Hi,
I have some difficulty imagining how to declare a Unicode string in MASM 6.15 with a simple directive (like DUS in GoAsm, for example). I know the classic system consisting in a loop lods/stosw (with ah=0) but I won't like having to generate code. I read a post from ragdog where he discussed about WSTR but I did not understand, even by consulting the Microsoft programming manual. Can someone give me a solution ?
Thank you in advance !
Ps: I'm afraid my English is disastrous... :greenclp:
Hi Iznogoode,
There are many solutions, see e.g. Unicode and displaying non-Latin alphabets (http://masm32.com/board/index.php?topic=4891.0).
The lodsb+stosw trick works only for pseudo unicode, as you certainly know. This is under the hood of the Masm32 macros uc$(), uni$(), and the MasmBasic macro wChr$() (http://www.webalice.it/jj2006/MasmBasicQuickReference.htm#Mb1250).
Even this works: Print (http://www.webalice.it/jj2006/MasmBasicQuickReference.htm#Mb1244) "Введите текст здесь", CrLf$
What is your specific objective here? Short code, simple code, fast code, ...?
i remember masm can call windows api mutlitto... function convert asiic to unicode string;
Thank you for your responses !
@jj2007: I am a beginner in assembler under Windows after using a lot MASM under DOS in the early 90s. Being studying the structures DLGTEMPLATE and DLGITEMTEMPLATE, I discovered that the strings had to be specified in Unicode format. So I wondered about the possibility of directly declare these strings in Unicode.

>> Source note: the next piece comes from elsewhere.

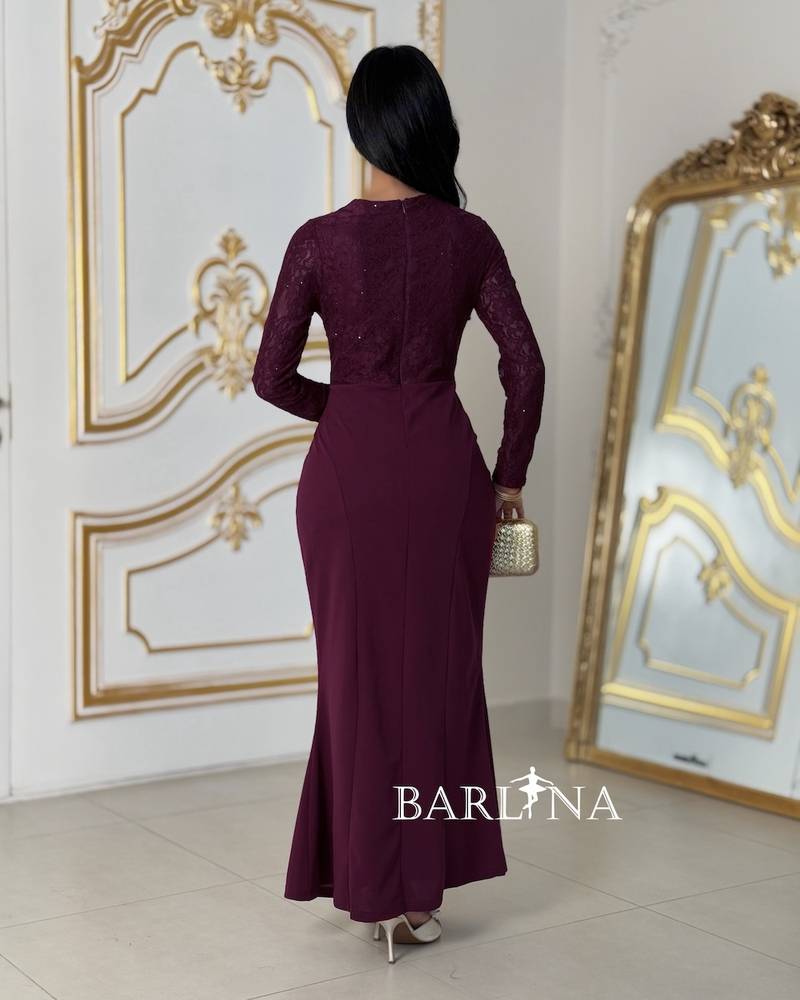 Long burgundy dress with a feminine cut
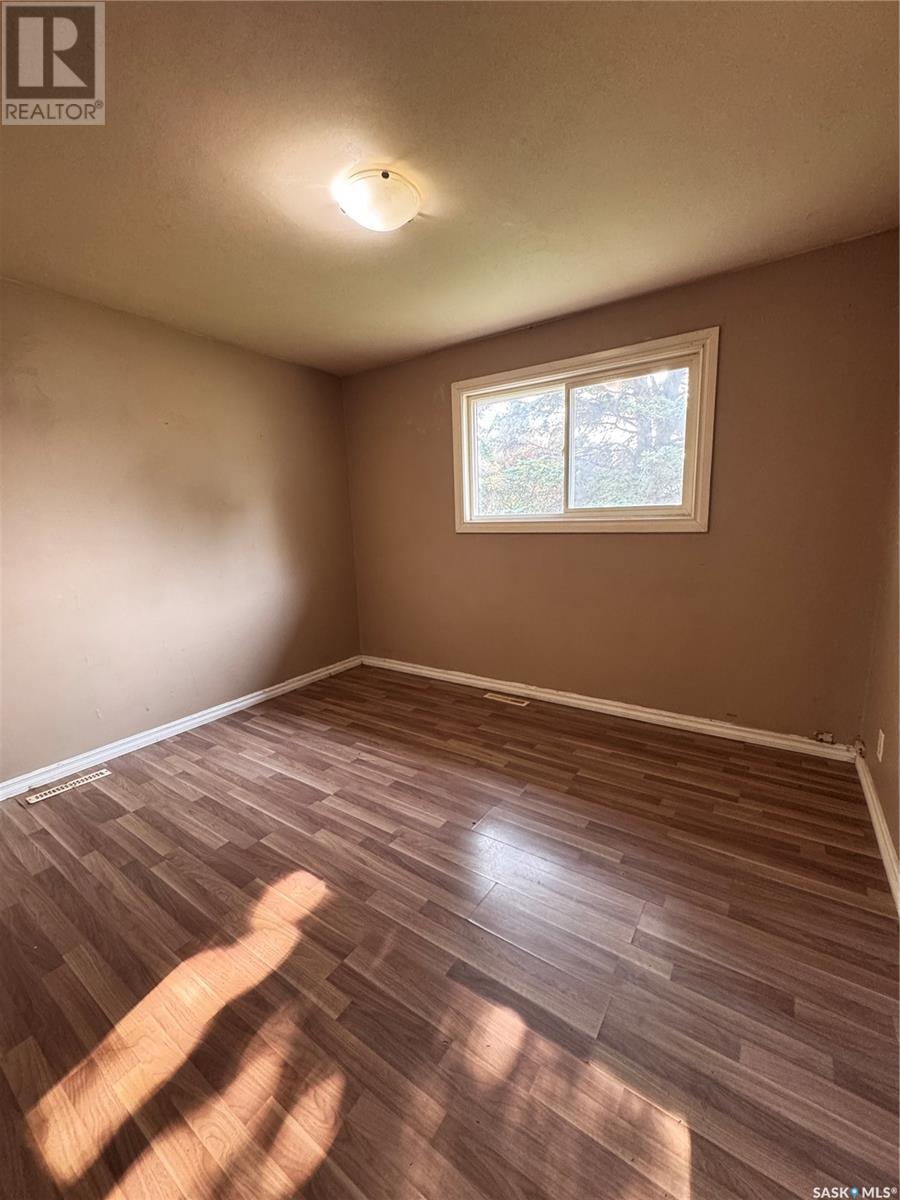 518 U Avenue S, Saskatoon, Saskatchewan  S7M 3C7 - Photo 8 - SK014369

GoAsm (and probably NASM too) can, but not MASM 6.15 which is, if I'm not wrong, the only version to run autonomously (beyond that, Visual C ++ is required). So I do not have a specific project. Unfortunately, I don't have a PC for the moment and I will study your precious suggestions in a little more than 2 weeks.
@newrobert: thank you very much for your info. I know, indeed, the function MultiByteToWide that allows to perform this conversion but I'm rather interested in a direct declaration of the string in Unicode'
deleted
In old way
msg dw 'H','e','l','l','o',0
There are a number of ways to do unicode in MASM which does not directly support unicode. You can put unicode strings in a resource file and load them that way. MASM32 has a tool for converting unicode text to DW sequences that you put in the initialised data section. The last way is to use the API that converts ASCII to UNICODE
some editor also support unicode, such as notepad++ and ultra-edit, you can select menu from encode menu,
then you can select assic,utf-8 or usc2;
The MASM32 SDK already provides a unicode editor for exactly the purpose of editing unicode RC scripts so that characters sets from around the world can be used in Windows applications created with MASM.
Quote from: newrobert on May 04, 2017, 12:16:06 PM
some editor also support unicode
One editor also supports Formatted UniCode:
include \masm32\MasmBasic\MasmBasic.inc
Init
Inkey "Formatted UniCode: Введите
текст здесь"
EndOfCode
> assic,utf-8 or usc2
Btw, I've heard of utf-8, but what are the others? assic, usc2?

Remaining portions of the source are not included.